L’équipe 13 a 3 pilotes : Laurent Huguenin, Léandro Aquarolli et Aurélie Dubi. Le premier est mentor d’une bonne partie de l’équipe et enseignant au CFPT, le second est coordinateur et la dernière pilote effectue sa toute première course.
Du côté de l’équipe 71, nous avons 3 pilotes champions du monde en course d’endurance, soit Robin Mulhauser, Valentin Suchet et Sébastien Suchet. Le règlement interdit normalement les pilotes professionnels, mais étant donné qu’ils courent avec un prototype moins puissant, ils peuvent prendre part à la course sans figurer au classement général.
Pour faire la connaissance des membres des équipes, rendez-vous sur Instagram où une courte biographie de chacun a été postée en préambule de la course. Motosport Genève sur Instagram.

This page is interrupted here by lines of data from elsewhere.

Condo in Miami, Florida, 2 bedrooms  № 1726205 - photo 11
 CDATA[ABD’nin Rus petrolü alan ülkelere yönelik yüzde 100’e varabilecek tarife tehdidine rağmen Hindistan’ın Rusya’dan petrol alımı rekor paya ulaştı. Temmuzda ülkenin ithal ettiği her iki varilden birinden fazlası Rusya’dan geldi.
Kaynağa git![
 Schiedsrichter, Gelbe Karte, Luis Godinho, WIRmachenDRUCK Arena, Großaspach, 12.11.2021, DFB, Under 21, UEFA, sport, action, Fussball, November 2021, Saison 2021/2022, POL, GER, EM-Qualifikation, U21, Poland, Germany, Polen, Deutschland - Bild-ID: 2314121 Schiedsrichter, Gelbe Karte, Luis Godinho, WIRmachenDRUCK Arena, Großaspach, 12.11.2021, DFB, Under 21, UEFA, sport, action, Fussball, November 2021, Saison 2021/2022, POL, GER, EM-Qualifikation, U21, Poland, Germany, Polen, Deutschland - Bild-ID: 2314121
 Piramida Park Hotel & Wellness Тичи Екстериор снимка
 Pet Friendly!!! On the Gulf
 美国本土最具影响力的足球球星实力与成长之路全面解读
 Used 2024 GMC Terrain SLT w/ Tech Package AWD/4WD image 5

L’aventure 2023 a, en pratique, commencé un mercredi soir dans les locaux de Motosport à Genève. Une grande partie des apprentis s’est réunies avec les encadrants pour pratiquer les arrêts au stand. L’équipe découvre la moto, une Honda CBR 1000 spécialement préparée pour l’endurance en catégorie superstock : pas de modification moteur, pas de changement de roue rapide, un réservoir agrandi de 24 litres, des phares, une plaque numéro éclairée et des étriers de frein avec raccords rapides.
Même si la course n’est pas assez longue pour justifier de nombreux changements de pneus et de ravitaillements essence, pour l’objectif pédagogique ils veulent mettre l’équipe en conditions comme pour des 24h. Selon le règlement FIM, en EWC ne peuvent intervenir que 4 mécaniciens simultanément. Un sur la roue arrière, un pour le frein gauche, un pour le frein droit et l’axe et un dernier pour les pieds de fourche et la roue.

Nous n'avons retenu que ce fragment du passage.